Kode Etik Jurnalistik

 Kode etik jurnalistik dirumuskan oleh Persatuan Wartawan Indonesia (PWI) dan Aliansi Jurnalis Independen (AJI) melalui Kode Etik Wartawan Indonesia (KEWI).


Penyusunan dilaksanakan mulai tanggal 1 September 1999 yang awalnya dibuat oleh 26 organisasi wartawan di Bandung. Pada tanggal 14 Maret 2006, kode etik jurnalistik disempurnakan kembali oleh 29 organisasi wartawan di Jakarta dan termuat dalam lampiran SK Dewan Pers No. 03/SK-DP/III 2006 tentang kode etik jurnalistik tanggal 24 Maret 2006 (Yunus, 2012). 


Kode etik jurnalistik berisi mengenai kemerdekaan pers dan pemenuhan hak publik untuk informasi yang benar. Wartawan Indonesia perlu menaati pasal-pasal yang termuat dalam sebelas pasal Kode Etik Jurnalistik (KEJ). 


Pasal 1 Wartawan Indonesia bersikap independen, menghasilkan berita yang akurat, berimbang, dan tidak beritikad buruk. Pasal.


 2 Wartawan Indonesia menempuh cara-cara yang profesional dalam melaksanakan tugas jurnalistik.


 Pasal 3 Wartawan Indonesia selalu menguji informasi, memberitakan secara berimbang, tidak mencampurkan fakta dan opini yang menghakimi, serta menerapkan asas praduga tak bersalah.


 Pasal 4 Wartawan Indonesia tidak membuat berita bohong, fitnah, sadis, dan cabul. 


Pasal 5 Wartawan Indonesia tidak menyebutkan dan menyiarkan identitas korban kejahatan susila dan tidak menyebutkan identitas anak yang menjadi pelaku kejahatan.


 Pasal 6 Wartawan Indonesia tidak menyalahgunakan profesi dan tidak menerima suap. 

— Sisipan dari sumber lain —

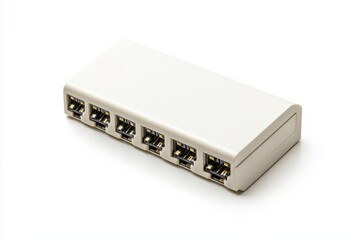 Transforming technology: A vintage six-port USB hub on a clean, minimalist background isolated on transparent background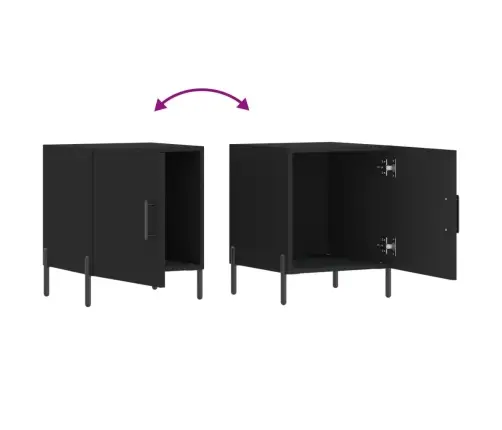 Naktsskapīši, 2 Gab., Melni, 40X40X50 Cm, Inženierijas Koks Vidaxl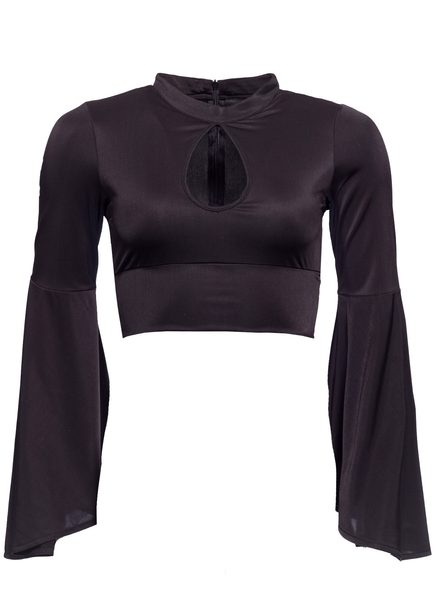 Dámske luxusné crop top s volánmi - čierna -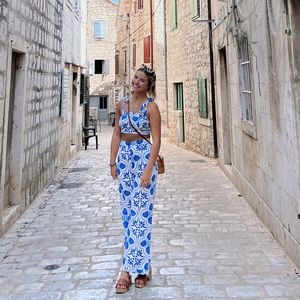 two piece set, crop top and pants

Pasal 7 Wartawan Indonesia memiliki hak tolak untuk melindungi narasumber yang tidak bersedia diketahui identitas maupun keberadaannya, menghargai ketentuan embargo, informasi latar belakang, dan off the record sesuai dengan kesepakatan.

 Pasal 8 Wartawan Indonesia tidak menulis atau menyiarkan berita berdasarkan prasangka atau diskriminasi terhadap seseorang atas dasar perbedaan suku, ras, warna kulit, agama, jenis kelamin, dan bahasa serta tidak merendahkan martabat orang lemah, miskin, sakit, cacat jiwa atau cacat jasmani. 

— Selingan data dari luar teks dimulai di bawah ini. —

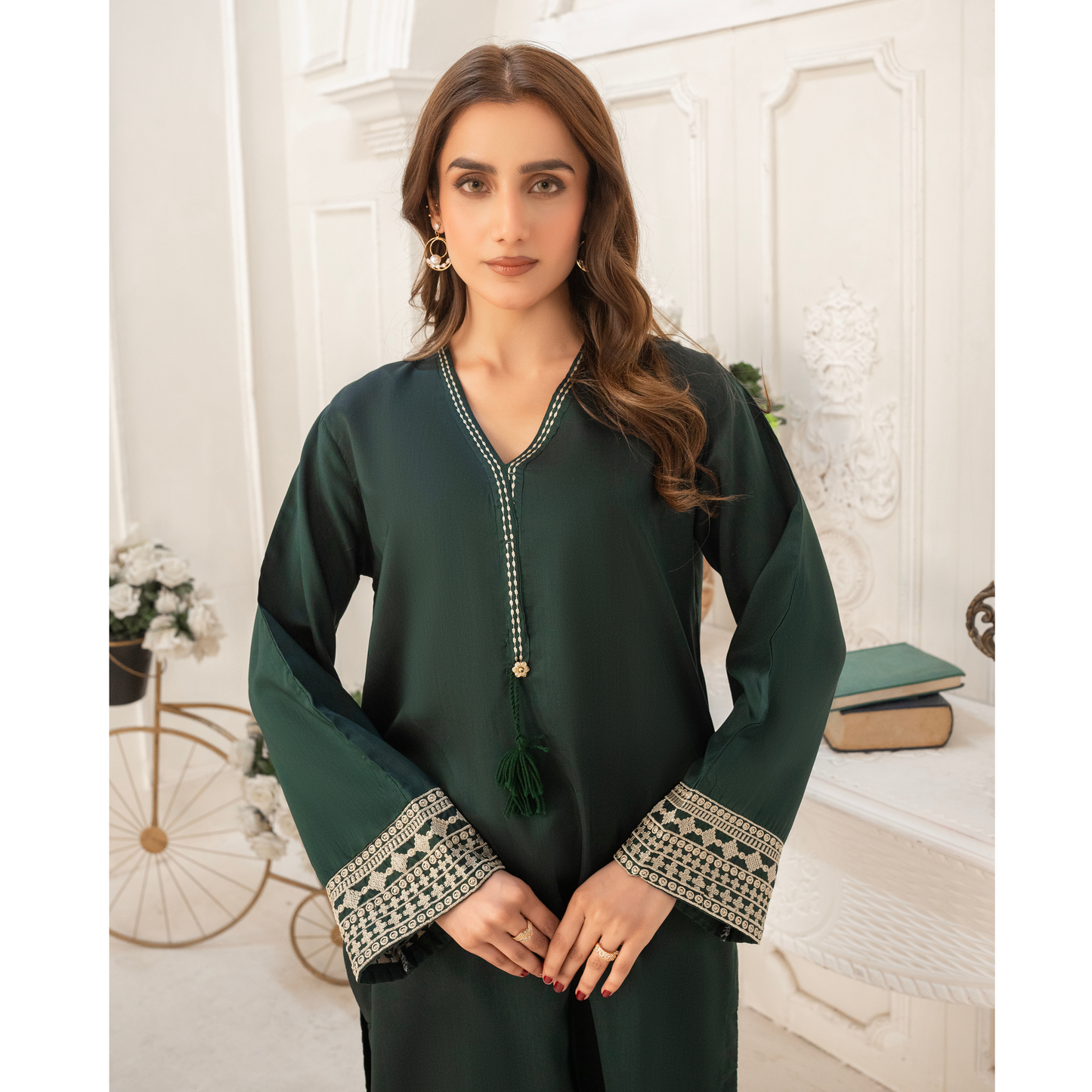 UA-50 Embroidered Viscose Linen 2 Pc Pakistani Co Ord Set Dress | Ready to wear | UMNAA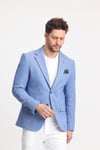 Abrines Erkek İndigo Pamuklu Likralı Esneyen Kumaşlı Slim Fit Spor Blazer Ceket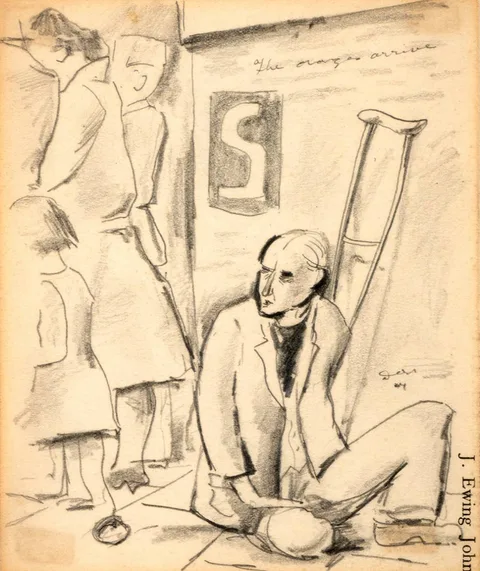 Daniel O'Neill, THE ORANGES ARRIVE and MALE FIGURE, 1944, pencil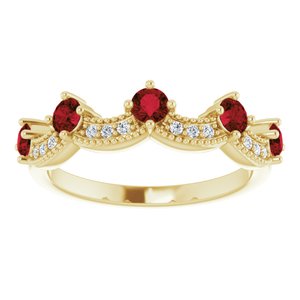 14K Yellow Gold Natural Mozambique Garnet & .05 Natural Diamond Crown Ring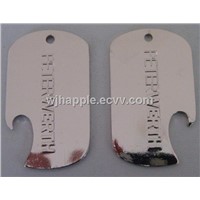 dog tag shaped bottle opener, metal opener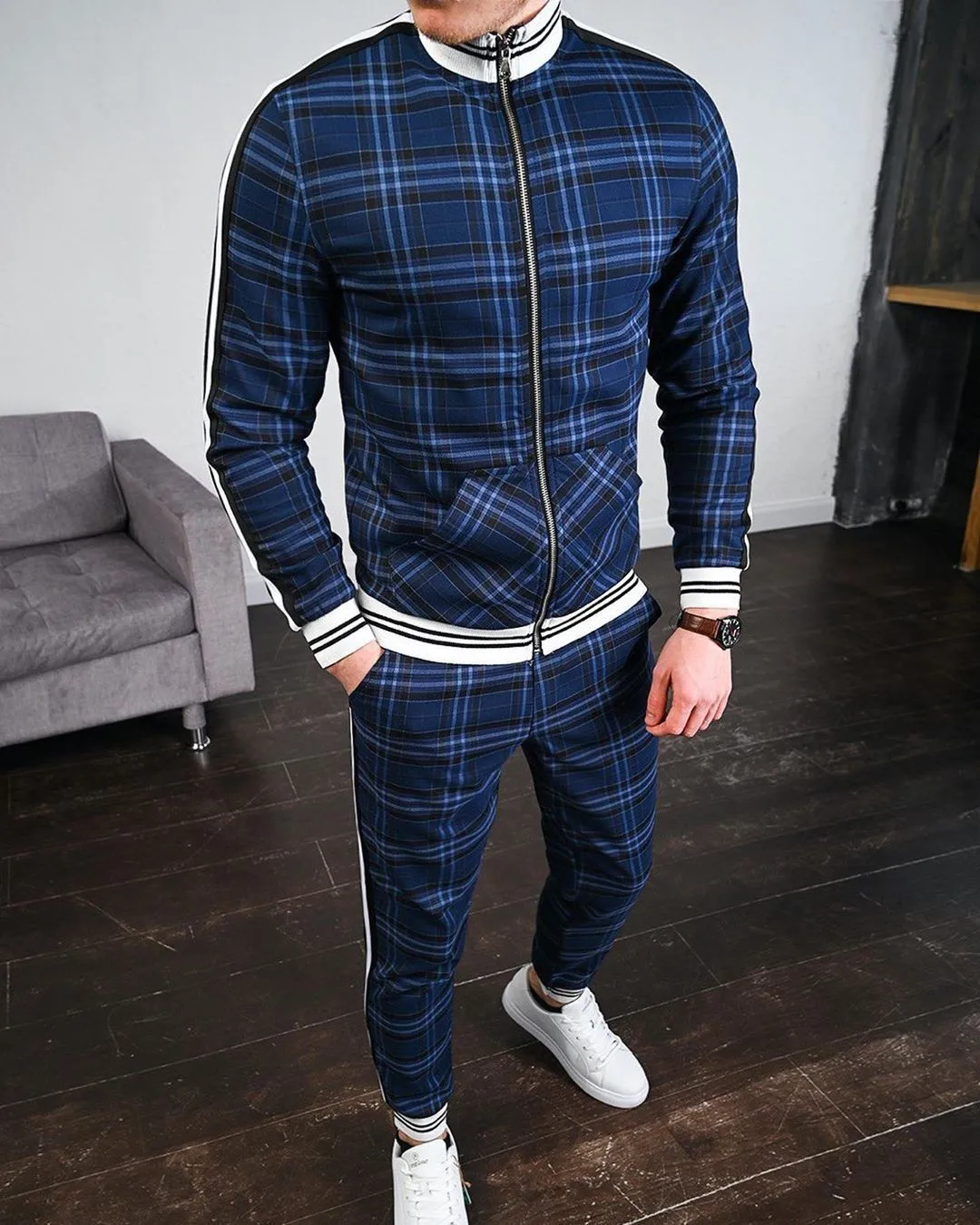 2025 Autumn Men Tracksuit 2pc Set Plaid Zipper Sweatshirt Jacket Long Pants Casual Gym Running Jogging Outfit Fleece Sportswear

Pasal 9 Wartawan Indonesia menghormati hak narasumber tentang kehidupan pribadinya, kecuali untuk kepentingan publik.


 Pasal 10 Wartawan Indonesia segera mencabut, meralat, dan memperbaiki berita yang keliru dan tidak akurat disertai dengan permintaan maaf kepada pembaca, pendengar, dan atau pemirsa.


 Pasal 11 Wartawan Indonesia melayani hak jawab dan hak koreksi secara proporsional.